How To Talk To Your Kids About Death

Child rearing is full of pleasant firsts: your child’s first smile, first words, first step, first date. The first time they call you “bitch” in public. First wedding, first second wedding. There are also some firsts that you might not be looking forward to, like the first time your kid asks why his skin isn’t the same color as yours, or when she first asks about death. If you are lucky, you will only be explaining why Will Smith had to murder his dog in I Am Legend (because Zombie Doggies are meaner than Doggy Doggies) rather than explaining why Grandpa was naked and covered in butter when they found him. Either way, don’t panic; you will probably be dead way before your kids anyway so you won’t have to deal with any lies you tell about what is beyond deaths doors.

  1. Be “honest.”  Do NOT be honest. Death is horrifying. In fact, you probably are still pretty scared of it yourself. Most of your kids will believe whatever you say, so just say whatever you want but preface it by saying “Look Buddy. I ‘m going to be honest with you.” That way it will seem like you are treating her like an adult.
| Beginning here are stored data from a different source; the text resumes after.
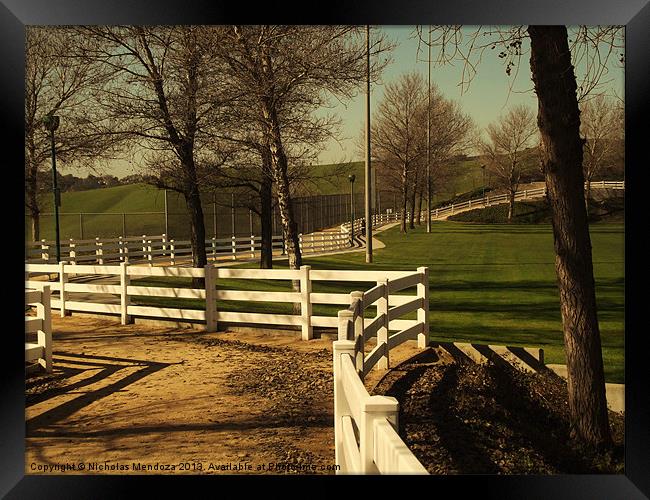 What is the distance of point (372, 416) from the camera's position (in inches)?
140

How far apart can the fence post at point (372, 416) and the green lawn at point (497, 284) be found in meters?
7.25

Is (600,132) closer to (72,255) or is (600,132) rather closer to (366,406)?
(366,406)

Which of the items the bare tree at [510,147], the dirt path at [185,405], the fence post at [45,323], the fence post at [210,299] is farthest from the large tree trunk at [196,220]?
the bare tree at [510,147]

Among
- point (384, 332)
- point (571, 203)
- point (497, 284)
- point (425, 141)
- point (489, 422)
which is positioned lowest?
point (489, 422)

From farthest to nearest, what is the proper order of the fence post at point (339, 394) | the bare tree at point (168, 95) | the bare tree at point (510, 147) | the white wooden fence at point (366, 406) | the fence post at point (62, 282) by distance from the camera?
the bare tree at point (510, 147)
the bare tree at point (168, 95)
the fence post at point (62, 282)
the fence post at point (339, 394)
the white wooden fence at point (366, 406)

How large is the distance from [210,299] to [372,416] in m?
8.06

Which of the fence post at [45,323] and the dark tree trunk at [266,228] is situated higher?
the dark tree trunk at [266,228]

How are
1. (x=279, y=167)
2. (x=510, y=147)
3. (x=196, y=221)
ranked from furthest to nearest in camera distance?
(x=510, y=147) → (x=196, y=221) → (x=279, y=167)

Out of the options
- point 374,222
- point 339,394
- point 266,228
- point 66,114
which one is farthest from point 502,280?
point 374,222

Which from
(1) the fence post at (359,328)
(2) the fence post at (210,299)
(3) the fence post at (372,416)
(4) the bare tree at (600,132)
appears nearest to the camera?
(3) the fence post at (372,416)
  2. Provide hope. Ignoring death is unhealthy. But deluding yourself enough to live a productive life is advisable. Choose early whether you will use the specter of future scientific advancement or the pretense of a religious promised land as your argument, and pound it into your child’s head. Make your choice based on the method of death that your child is most afraid of. If thoughts of cancer or an aneurysm give your kid night terrors, reassure him that science will allow us to live for thousands of years by 2027 at the latest. If your little gipper is prone to panic attacks about famine or public stoning, then introduce him to one of the worlds many religions or the movie All Dogs Go to Heaven.
  3. Bring up Magic Johnson. Or make a reference to any other person that your kid is too young to understand. They will quickly be bored and go ask your spouse.
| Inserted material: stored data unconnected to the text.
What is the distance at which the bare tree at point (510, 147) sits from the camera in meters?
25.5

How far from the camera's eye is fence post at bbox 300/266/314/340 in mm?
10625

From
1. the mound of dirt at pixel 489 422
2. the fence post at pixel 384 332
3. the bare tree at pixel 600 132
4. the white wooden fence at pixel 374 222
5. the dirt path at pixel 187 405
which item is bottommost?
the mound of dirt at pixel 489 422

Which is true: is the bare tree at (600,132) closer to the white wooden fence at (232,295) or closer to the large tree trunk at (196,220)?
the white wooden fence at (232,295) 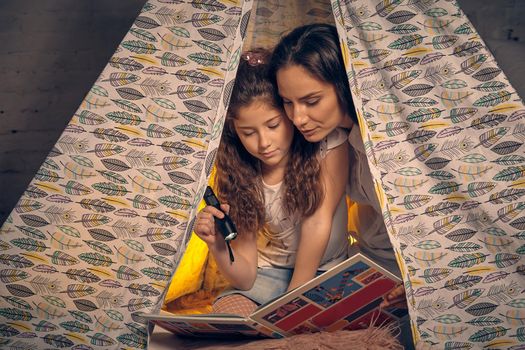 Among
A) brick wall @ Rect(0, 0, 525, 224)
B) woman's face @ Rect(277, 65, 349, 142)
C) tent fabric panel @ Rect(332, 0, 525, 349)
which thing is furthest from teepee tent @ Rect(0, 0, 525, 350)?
brick wall @ Rect(0, 0, 525, 224)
  4. Use your child’s weak understanding of empiricism. “Well. You know how in science class Mr. Blinman talks about how if we see something happen over and over every time we look at it, then that thing is probably going to keep happening? Well..you haven’t died yet, have you? And PLEASE don’t bring up sample size! You’ve been alive for an essentially infinite number of Planck Units, so I think our sample size is large enough, thank you!” Your child will either believe that they will live forever or quickly tire. And then go ask your spouse.
Cow Tips!
*If your kid is really stupid just say “What are you talkin about silly?” and it will never come up again.
*Watch the Sixth Sense over and over and your kid will probably assume he is already dead. Problem solved.